# [Saved data entries]
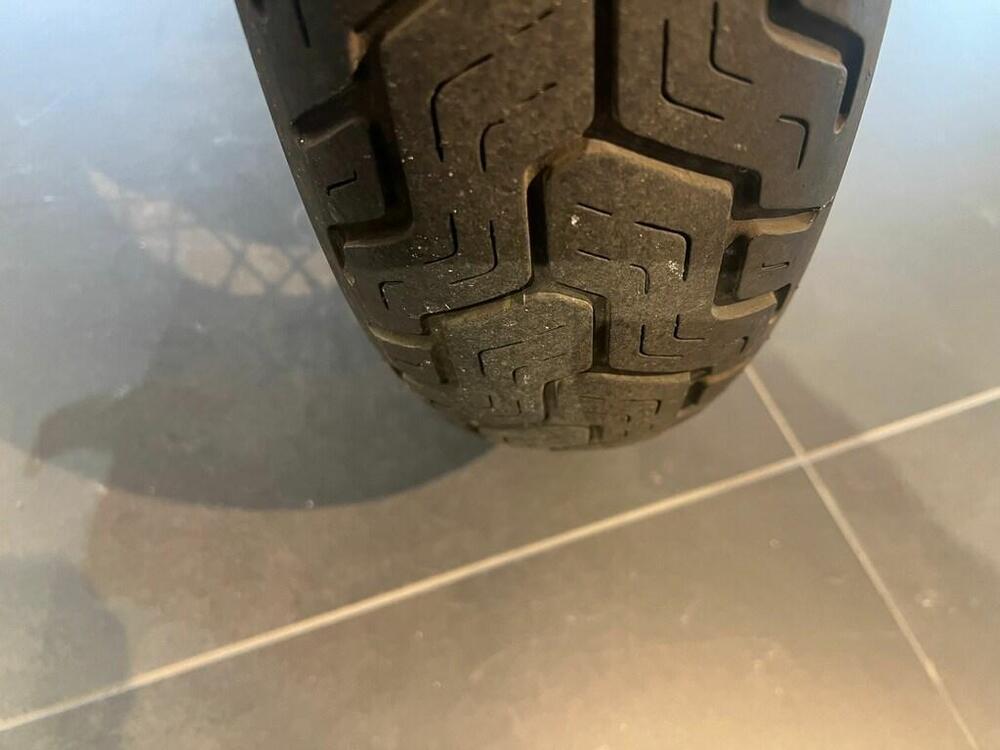 Yamaha XV 535 (1988 - 97) (14)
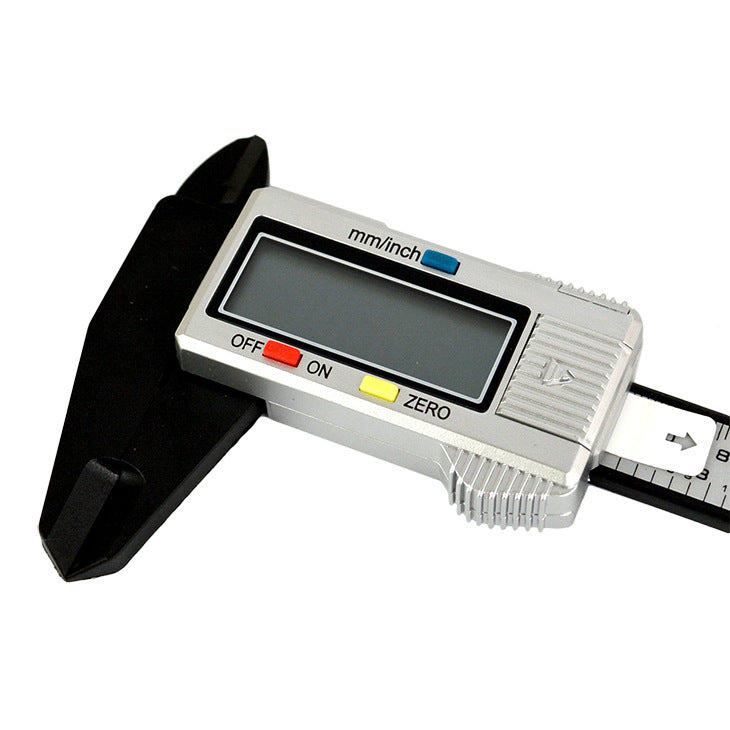 Vernier Caliper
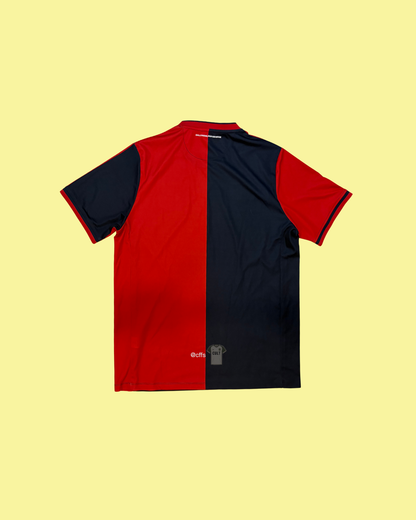 Genoa CFC 2022/23 Castore Football Jersey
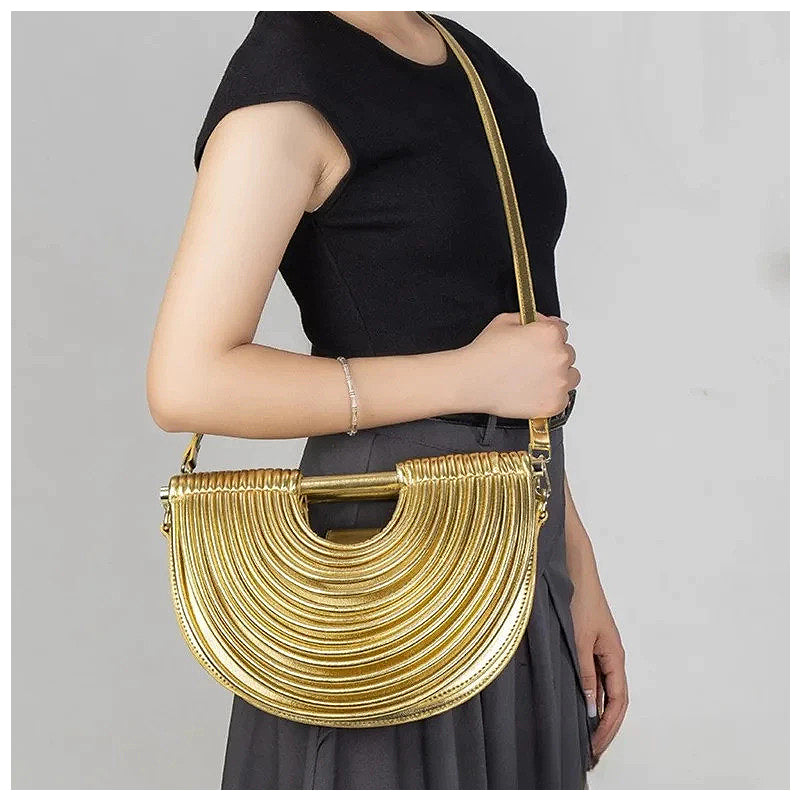 The Geisha Handbag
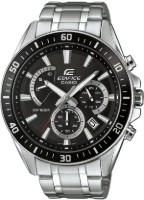Produktdetails anzeigen - Casio Edifice Chronograph Bild von Casio Edifice Chronograph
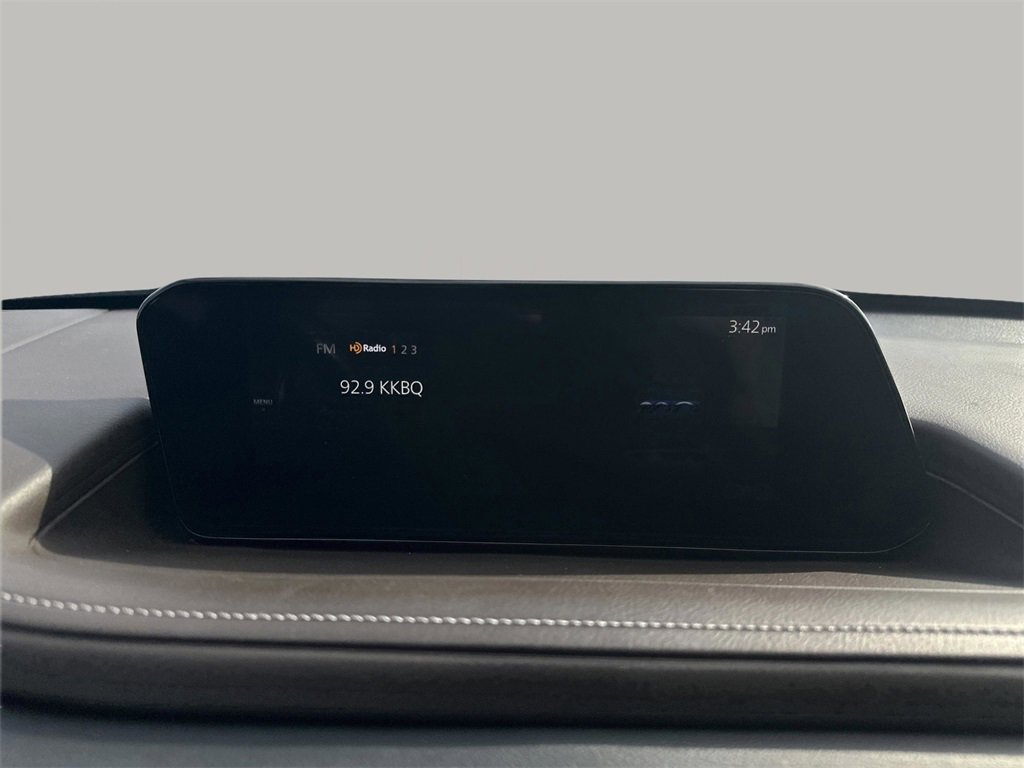 Used 2023 MAZDA CX-30 AWD 2.5 S w/ Premium Package image 18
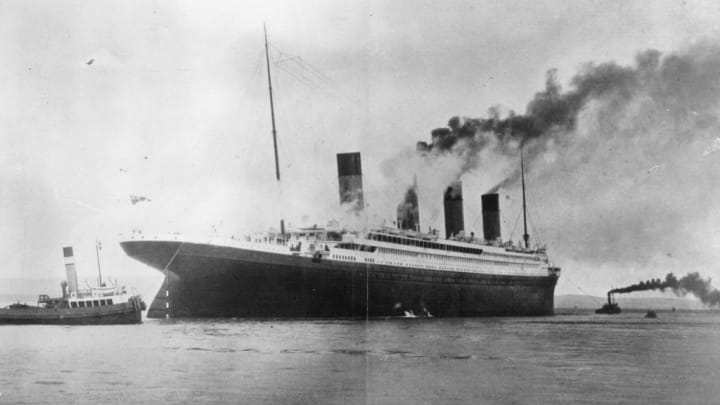 The sinking of the 'Titanic' shook the world—and forced better maritime laws to be put into place.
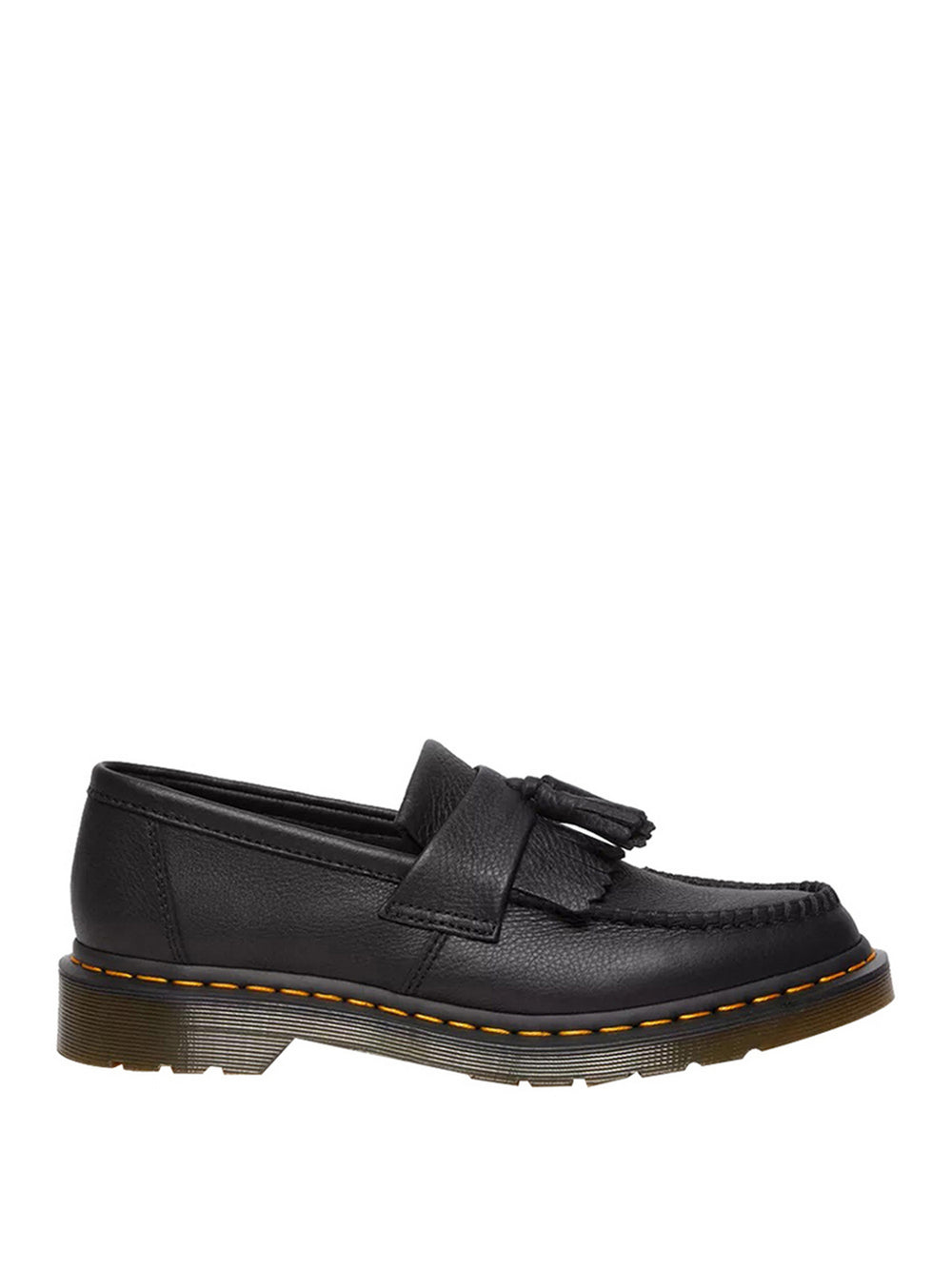 Dr Martens Mocassino Dr Martens Adrian - Nero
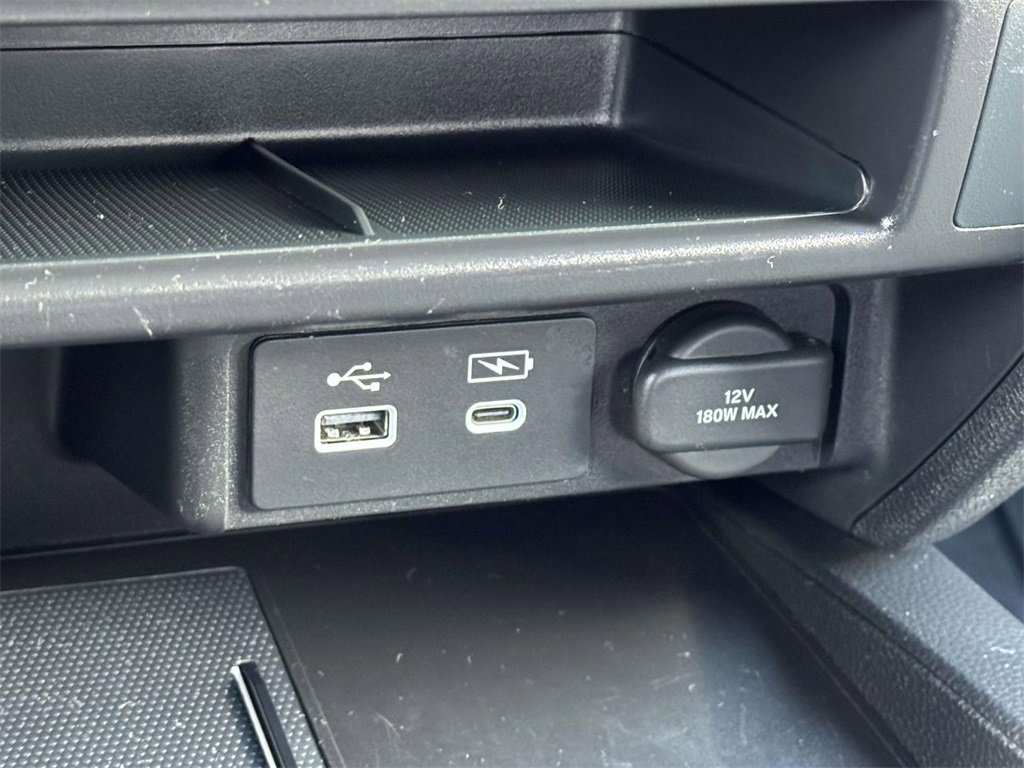 Certified 2024 Honda Ridgeline Sport image 28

# [What is being asked]
Will you restate every entry word for word and omit the images?

# [Result below]
 Yamaha XV 535 (1988 - 97) (14)
 Vernier Caliper
 Genoa CFC 2022/23 Castore Football Jersey
 The Geisha Handbag
Produktdetails anzeigen - Casio Edifice Chronograph Bild von Casio Edifice Chronograph
 Used 2023 MAZDA CX-30 AWD 2.5 S w/ Premium Package image 18
 The sinking of the 'Titanic' shook the world—and forced better maritime laws to be put into place.
 Dr Martens Mocassino Dr Martens Adrian - Nero
 Certified 2024 Honda Ridgeline Sport image 28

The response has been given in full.